Description of the task: If a line of the listing contains the string "Word", return that line.
Record set START
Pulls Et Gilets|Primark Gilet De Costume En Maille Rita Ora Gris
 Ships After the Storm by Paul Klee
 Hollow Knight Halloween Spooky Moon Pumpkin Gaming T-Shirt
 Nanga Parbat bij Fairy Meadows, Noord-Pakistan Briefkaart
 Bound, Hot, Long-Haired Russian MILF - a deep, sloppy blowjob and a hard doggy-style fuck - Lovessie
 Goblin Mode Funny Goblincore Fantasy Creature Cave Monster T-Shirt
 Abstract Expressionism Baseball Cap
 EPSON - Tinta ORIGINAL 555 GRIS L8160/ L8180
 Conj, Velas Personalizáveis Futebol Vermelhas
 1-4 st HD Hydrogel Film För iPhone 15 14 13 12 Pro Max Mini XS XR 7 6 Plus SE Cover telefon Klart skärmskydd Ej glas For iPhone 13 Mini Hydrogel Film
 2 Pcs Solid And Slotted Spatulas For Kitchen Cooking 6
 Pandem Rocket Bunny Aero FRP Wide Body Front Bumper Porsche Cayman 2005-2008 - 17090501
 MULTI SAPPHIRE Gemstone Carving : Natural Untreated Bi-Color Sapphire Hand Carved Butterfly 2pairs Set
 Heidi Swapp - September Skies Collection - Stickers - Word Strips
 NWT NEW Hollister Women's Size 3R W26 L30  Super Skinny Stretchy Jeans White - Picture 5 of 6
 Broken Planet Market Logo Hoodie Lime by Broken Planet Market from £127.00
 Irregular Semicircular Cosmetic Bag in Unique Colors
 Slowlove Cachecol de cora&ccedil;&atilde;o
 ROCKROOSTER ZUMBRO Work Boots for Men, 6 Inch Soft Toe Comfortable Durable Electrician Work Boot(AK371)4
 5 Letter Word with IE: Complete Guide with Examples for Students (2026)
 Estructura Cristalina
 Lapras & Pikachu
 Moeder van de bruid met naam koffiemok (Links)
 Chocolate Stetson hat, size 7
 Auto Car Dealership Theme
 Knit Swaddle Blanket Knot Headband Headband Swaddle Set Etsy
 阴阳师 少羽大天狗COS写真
Record set END
Solution for this problem:
 Heidi Swapp - September Skies Collection - Stickers - Word Strips
 5 Letter Word with IE: Complete Guide with Examples for Students (2026)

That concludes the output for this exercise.